殺傷石といえば、能の演目の1つ。平安時代鳥羽天皇に憑りついた九尾の狐の化身である玉藻前が、陰陽師によって暴かれ那須野に逃げるも、三浦大介義明と上総介広常によって討ち取られました。しかし狐は石となり、その石にふれると人や動物はみな死んでしまうため、殺傷石と呼ばれるようになりました。
室町時代に入り、海蔵寺開山の源翁禅師は、読経しながら持っていた鉄の杖で一撃したところ、法力で殺生石が割れ、災いも収まったという伝説。禅師は、割れた石で地蔵菩薩を刻み、鎌倉に小さな御堂を建てて安置しました。
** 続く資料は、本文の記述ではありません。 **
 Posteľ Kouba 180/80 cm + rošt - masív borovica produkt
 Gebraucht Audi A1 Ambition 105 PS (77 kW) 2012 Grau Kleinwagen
時は流れ江戸時代。この地蔵菩薩を信仰していた甲良豊後守宗弘が、夢でのお告げにより現在の京都の真如堂に移しました。そのため真如堂の地蔵菩薩は鎌倉地蔵という名称で、現在も安置されています。気になるのが那須野にある残りの石。殺傷石として2014年に国の名勝として登録され、観光名所になっていましたが、2022年に突如割れてしまった。地元の人は、また狐が悪さをするのではないかと心配し、慰霊祭や平和祈願祭が行われたそうです。
余談ですが京都の真如堂は、材木座の光明寺で行なわれている十夜法要の発祥の地です。室町時代、お十夜は平(伊勢)貞国が世の儚さを感じ、仏道に生きようと京都の真如堂にこもり、十日十夜の念仏行を行ったことがはじまりとされています。そして平貞国の娘が産んだ子が、あの有名な北条早雲だったのです。